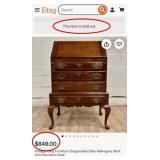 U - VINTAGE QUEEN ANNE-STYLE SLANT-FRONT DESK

_ _ _ _ _ _ _

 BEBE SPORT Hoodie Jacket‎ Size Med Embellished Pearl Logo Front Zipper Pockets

_ _ _ _ _ _ _

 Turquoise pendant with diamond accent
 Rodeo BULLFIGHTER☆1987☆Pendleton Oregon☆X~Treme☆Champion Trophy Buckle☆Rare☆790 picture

_ _ _ _ _ _ _

TASK OBJECTIVE:
In the records above, the line with "Turquoise pendant with diamond accent" marks the start and the line with "Rodeo BULLFIGHTER☆1987☆Pendleton Oregon☆X~Treme☆Champion" marks the end; copy that stretch exactly, both lines included, and nothing else.

TASK RESPONSE:
 Turquoise pendant with diamond accent
 Rodeo BULLFIGHTER☆1987☆Pendleton Oregon☆X~Treme☆Champion Trophy Buckle☆Rare☆790 picture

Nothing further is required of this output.